Si bien la postura oficial del gobierno es que los extranjeros no están cubiertos por la Ley de Asistencia Pública, un aviso administrativo de 1954 del antiguo Ministerio de Salud autorizó pagos por razones humanitarias a grupos que incluían a residentes permanentes, coreanos étnicos y refugiados.

Según el Ministerio de Salud, de los aproximadamente 2.008.000 beneficiarios de asistencia pública durante el año fiscal 2024, unos 65.000 pertenecían a hogares encabezados por un ciudadano extranjero, lo que representa el 3,24% del total.

Este asunto ha suscitado duras críticas por parte del partido gobernante y de sectores de la oposición, como Sanseito, quien el año pasado pidió "la prohibición de conceder ayudas públicas a extranjeros".

La justificación del gobierno para las nuevas normas se basa en una encuesta realizada antes de la revisión.

El estudio reveló que la tasa de beneficiarios de asistencia pública entre los residentes permanentes no japoneses era del 1,96 por ciento, ligeramente superior a la tasa del 1,62 por ciento para la población general.

Dado que las directrices actuales ya establecen que los residentes permanentes "no deben convertirse en una carga pública", los funcionarios dijeron que consideran que la cifra del 1,96 por ciento es "alta para una tasa de beneficiarios entre los residentes permanentes que pasaron la evaluación".

Según las autoridades, estos datos justifican la aplicación de estándares económicos más elevados en la fase de demanda para evitar una futura dependencia de la ayuda pública.

UNA GALLETA MÁS ANCHA

Esta es la última de una serie de medidas destinadas a endurecer las condiciones.

A partir del próximo octubre, las tasas para solicitar la residencia permanente se multiplicarán por veinte, pasando de 10.000 yenes (63,50 dólares) a 200.000 yenes.

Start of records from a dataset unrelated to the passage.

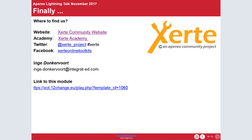Thank you very much for the presentation. We'll use about three minutes for questions. One question: is the Xerte PDF available? Yes — you can use the link, or Neil can send you the PDF. There's also a question: are there plans for supporting Caliper in addition to XAPI? I'm not the technical one, but I heard they are going to do some things so you can use both XAPI and Caliper, though I don't know exactly how.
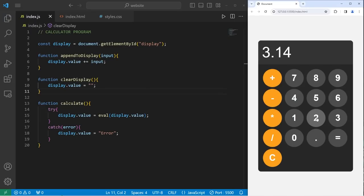Hey, what's going on everybody? In today's video, we're going to create a calculator program using HTML, CSS, and JavaScript. So let's get started.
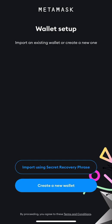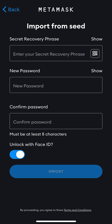I want to show you guys how to import using the secret recovery phrase on your MetaMask. If you don't have MetaMask on your phone, go to the Play Store or Google Play Store to download the app. After that, when you open the app you'll find two options — press 'Import using secret recovery phrase'.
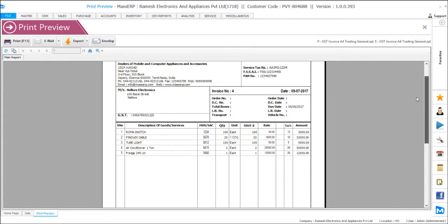So the format that we have just selected you can see here: GST invoice A4 trading general.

Y a partir de abril del próximo año, las autoridades podrán revocar la residencia permanente de aquellos que intencionalmente no paguen sus impuestos o cotizaciones a la seguridad social.

A finales de 2025, los residentes permanentes constituían el grupo más numeroso de extranjeros en Japón, con alrededor de 947.000 personas de un total aproximado de 4.125.000.

En los últimos años, este grupo demográfico ha aumentado en más de 25.000 personas anualmente.

Un funcionario de la Agencia de Servicios de Inmigración predijo que, con esta revisión, "es probable que los nuevos permisos disminuyan significativamente".

UN "FRENO ECONÓMICO" CRAID

Los críticos advierten que esta política es errónea.

Kim Kwang-min, profesor de la Universidad Tokiwakai de Osaka y defensor de los extranjeros, afirmó que la propuesta era irracional porque muchas personas, incluidos ciudadanos japoneses, trabajan en sectores con salarios bajos y no pueden alcanzar el umbral de ingresos altos.

«Esto frustra las esperanzas de quienes ya viven en Japón y actuará como un freno económico al disuadir a futuros trabajadores», declaró Kim. «Temo que las ideas xenófobas lleven al gobierno a malinterpretar la situación».

La Agencia de Servicios de Inmigración aceptará comentarios del público sobre la propuesta durante un mes a partir del 4 de agosto, y las nuevas directrices entrarán en vigor el 1 de octubre.

Para evitar un aumento repentino de solicitudes, la agencia indicó que los nuevos estándares de ingresos se aplicarán retroactivamente a todas las solicitudes presentadas desde abril.

(Este artículo fue escrito por Yuki Nikaido y Takuya Asakura.)